`It was a dark secret. The kind that destroys lives,
devastates families and decimates faith. Nobody shared it in any way with
Valerie Spruill while her "husband" was alive. Four years after his
death, she heard bits of the story. It was something about an absentee father,
something about her husband. None of it made sense. That’s not until her uncle
finally told her what no one else had: She had unknowingly married the father
she never knew.
“I don’t know if he ever knew or not. That conversation didn’t come
up,” she said. “I think if he did know, there is no way he could have told me.”
“It is devastating. It can destroy you!” Spruill told CNN late Thursday by
telephone. “It almost did.” 60-year-old Spruill of Doylestown, Ohio, went
public with her story this month, first published in the Akron Beacon Journal,
with the hopes that it would help others facing what seem like insurmountable
problems. It’s a story that has gone viral, attracting attention as faraway as
Australia and India where the questions are always the same, she says: How
could that happen? It’s a question that Spruill said she has been grappling
with since she first learned the truth in 2004, six years after her
"husband" Percy Spruill died. She confirmed her "husband" was
indeed her father through a DNA test, hair taken from one of his brushes.
The
aftermath of the secret was devastating emotionally — and physically, Spruill
suffered two strokes and was diagnosed with diabetes. All of it, she believes
was brought on by learning the family secret. “Pain and stress will kill, and I
had to release my stress,” Spruill said. “I’m just telling the story to release
my pain.” She has a deep, abiding faith in God, who she believes has guided her
through the experience — and others that have shaped her life.“You have to have
faith,” she said. “If God brought me this far, He’s not going to leave me now.”
Spruill met and married her husband/father in Akron and settled in Doylestown,
a working class suburb of not more than 2,300 people.
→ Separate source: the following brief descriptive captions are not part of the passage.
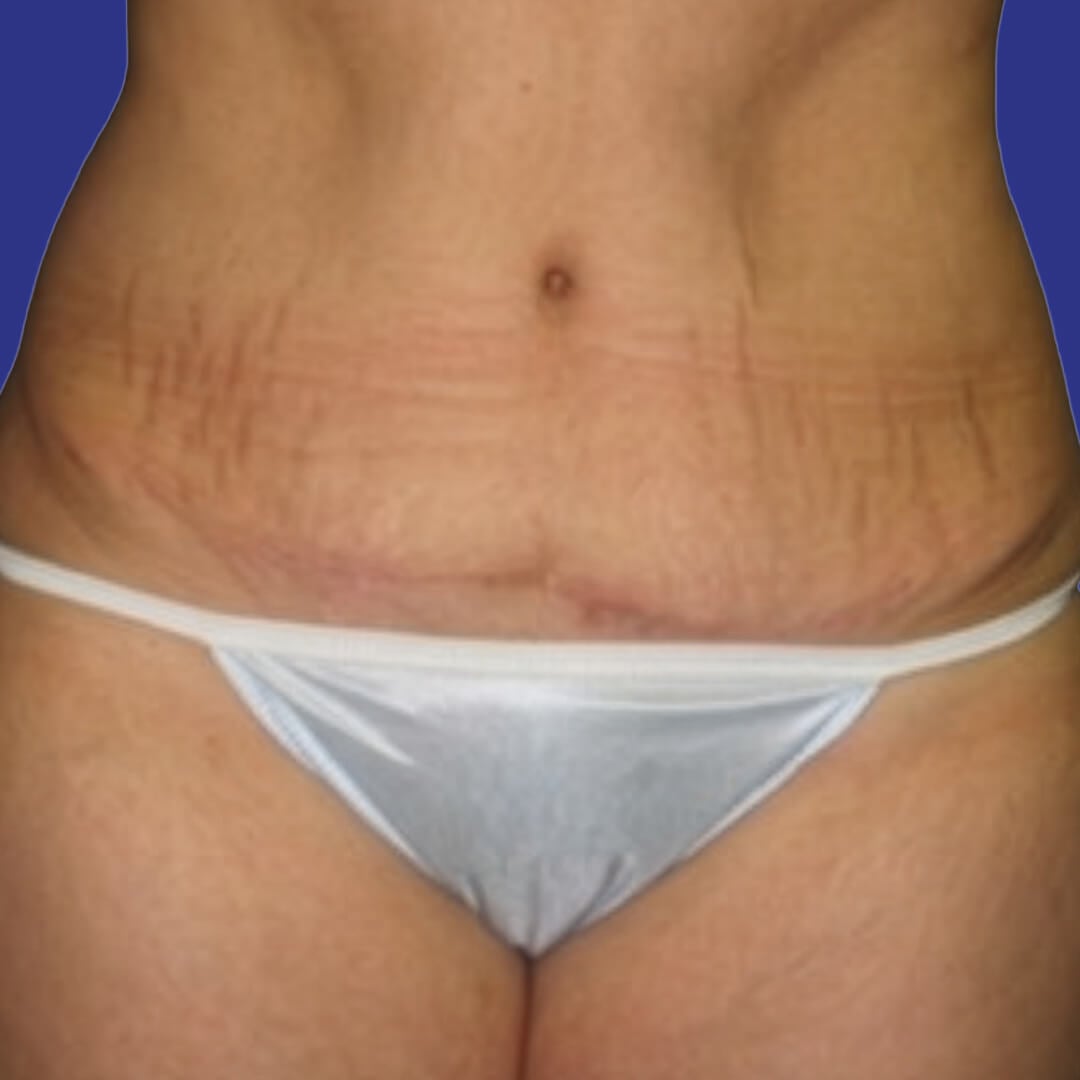 Procedure before and after - after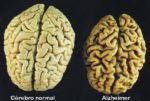 lecanemab-cerebro-estudio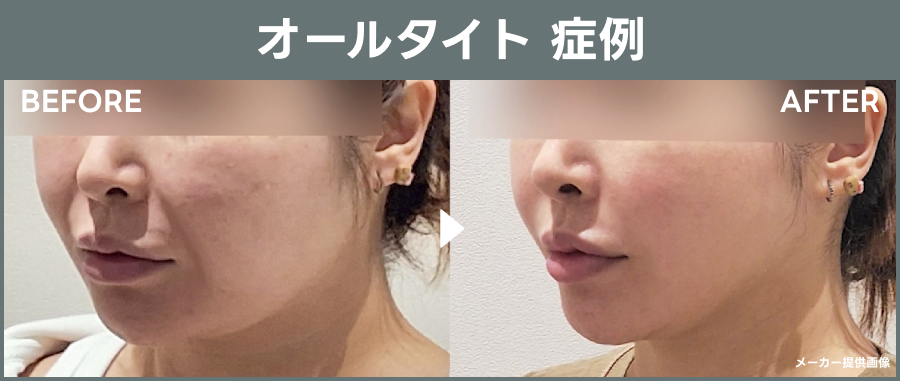 オールタイトの症例｜ライブリークリニック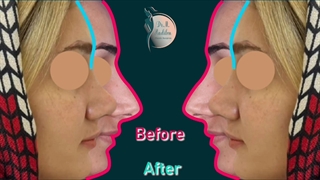نمونه قبل و بعد از عمل بینی
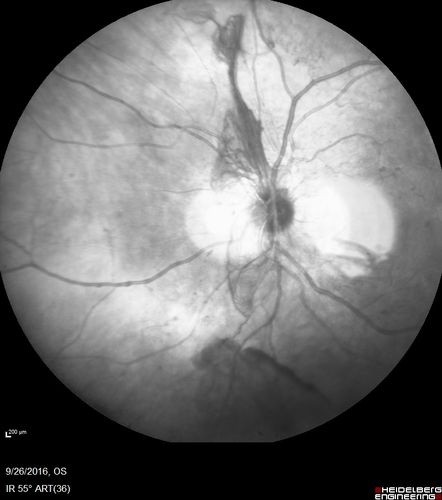 PDR NVD left eye and NVE right eye
41 year old diabetic woman with PDR in both eyes.  High risk in the left eye.  She had PRP, Avastin, and vitrectomy x 2 in the left eye with final vision of 20/25.  The right eye had eventually PRP laser
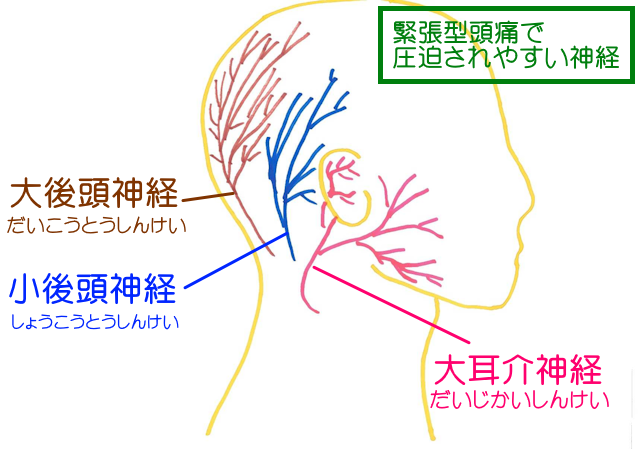 緊張型頭痛では、大後頭神経・小後頭神経・大耳介神経が圧迫されやすく、それらの神経が過敏になって頭痛を発症する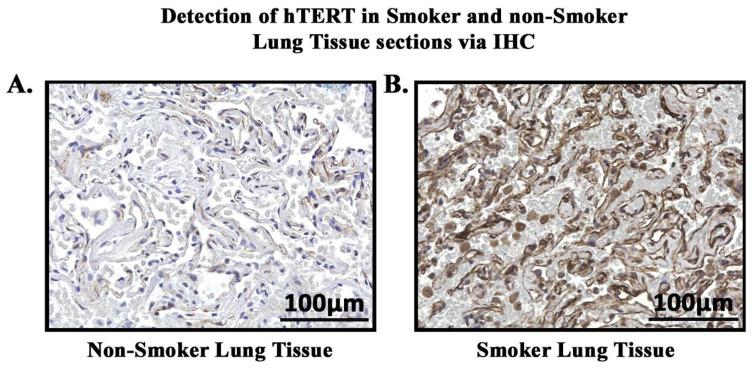 https://cdn.ncbi.nlm.nih.gov/pmc/blobs/175c/11172003/06c0c4e25fb3/cells-13-00884-g009.jpg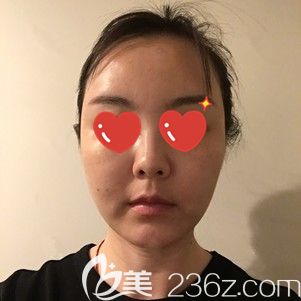 李莎主任幫我做射頻緊膚術(shù)后1天臉部腫脹 李莎主任幫我做射頻緊膚術(shù)后1天臉部腫脹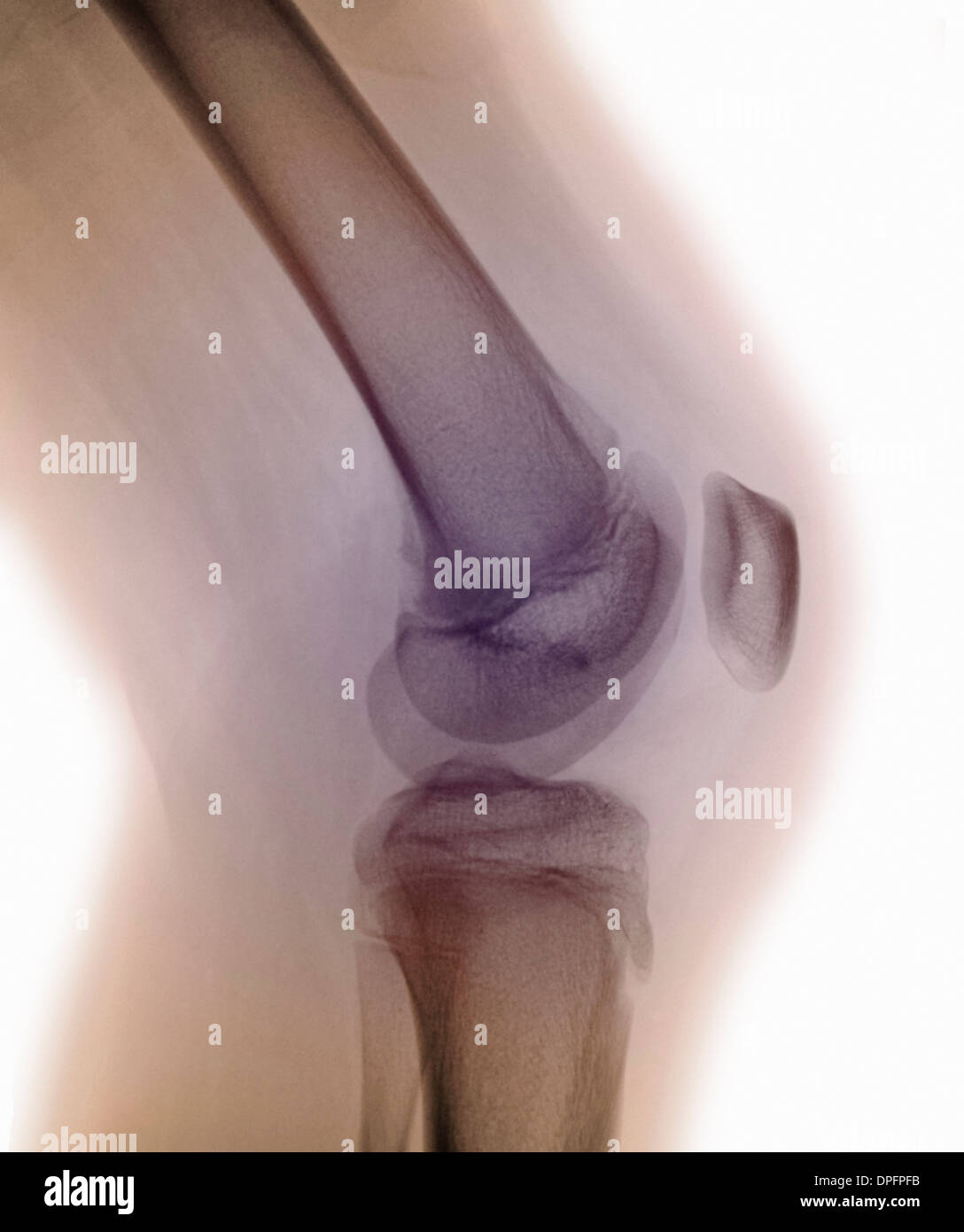 normal knee x-ray Stock Photo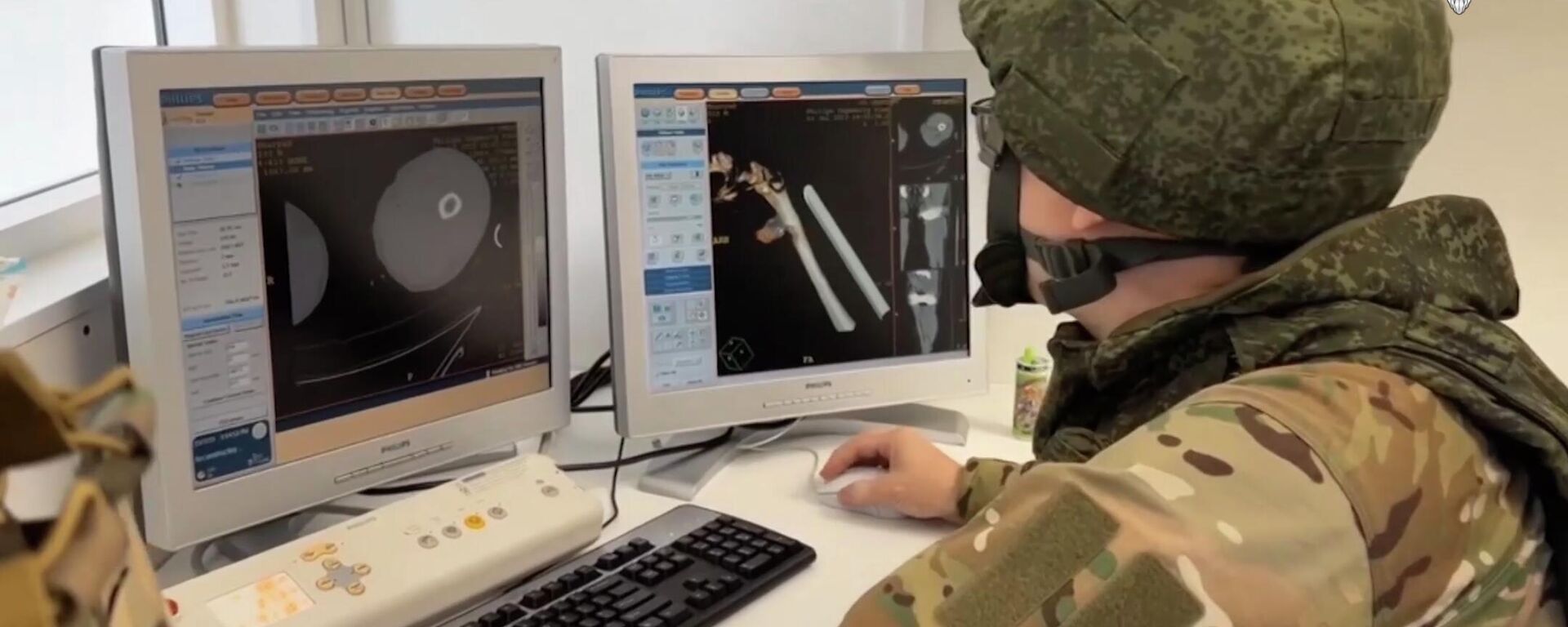 Rus askeri doktolardan inanılmaz ameliyat: Bir askerin bacağından patlamamış mermi çıkarıldı
 - Sputnik Türkiye, 1920, 31.07.2023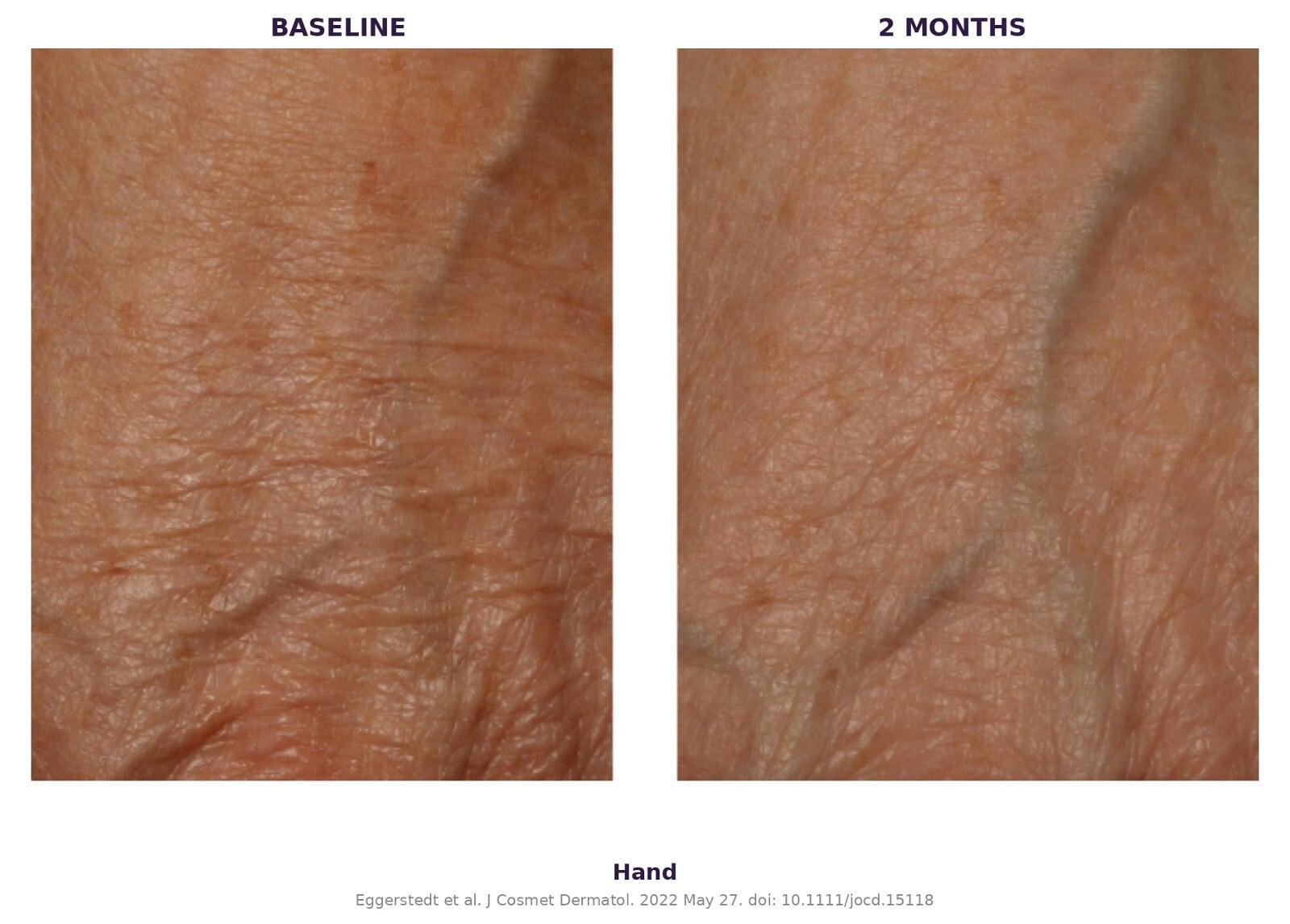 Hand — 6-week results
It was her second marriage.
Spruill was a nice man, a good provider.
He was kind to her three children from
her previous marriage. “We had a good life,” she said. She initially struggled
with anger, with hating Spruill for what happened. But therapy taught her what
happened wasn’t her fault. Her faith taught her to forgive. Initial response to
her story has been mixed: “More positive than negative,” she says. In recent
days, she has been in contact with a couple who found out after they were
married that they were brother and sister. They told her, she said, that her
story is helping them deal with their own experience. “They are trying to be
friends now,” Spruill said. Others, though, have been less kind.
“They’ve said
things like ‘Some secrets should stay secrets,’” she said. “I can’t do anything
about what they think. I just know what I think. God is always mighty, and he
teaches you to tell the truth no matter what.” Spruill knows not everybody
tells the truth. It’s a lesson she learned as a child the hard way. By all accounts,
Spruill’s mother got pregnant as a teenager while dating her then 15-year-old
father. She was 3-months-old when she was sent to live with her grandmother and
grandfather, who she initially believed as she grew up was her father. Spruill
said at about age 8 or 9, she discovered that the woman who often visited the
house was not a family friend but her mother. But nobody, she said, talked
about her father. There’s nobody left to give her the answers about her
husband-father. Her mother, Christine, died in 1984. Her grandparents have long
since passed. So, too, have a number of Percy Spruill’s relatives.
Spruill
knows her mother worked as a prostitute and even got caught up in 1980
high-profile corruption scandal surrounding James Barbuto, a probate judge who
was convicted of intimidating investigators and gross sexual imposition for
attacking a courthouse clerk in his chambers. “My mother showed me lots of
love. All said and done, I have no regrets in my life at all,” she said. She
believes she has siblings or half-siblings from Spruill’s previous
relationships, including the one with her mother. She said she wants to find
them and let them know they are not alone. Spruill, herself, has three children
and eight grandchildren. She struggled with telling her children that the man
they believed was their step-father was their grandfather.
A therapist “advised
me to tell my kids,” she said. “I told them about two years ago. They are
remarkable. They are handling it better than I am.” In recent days, shortly before
the news broke, she also told her grandchildren. “They have been so supportive.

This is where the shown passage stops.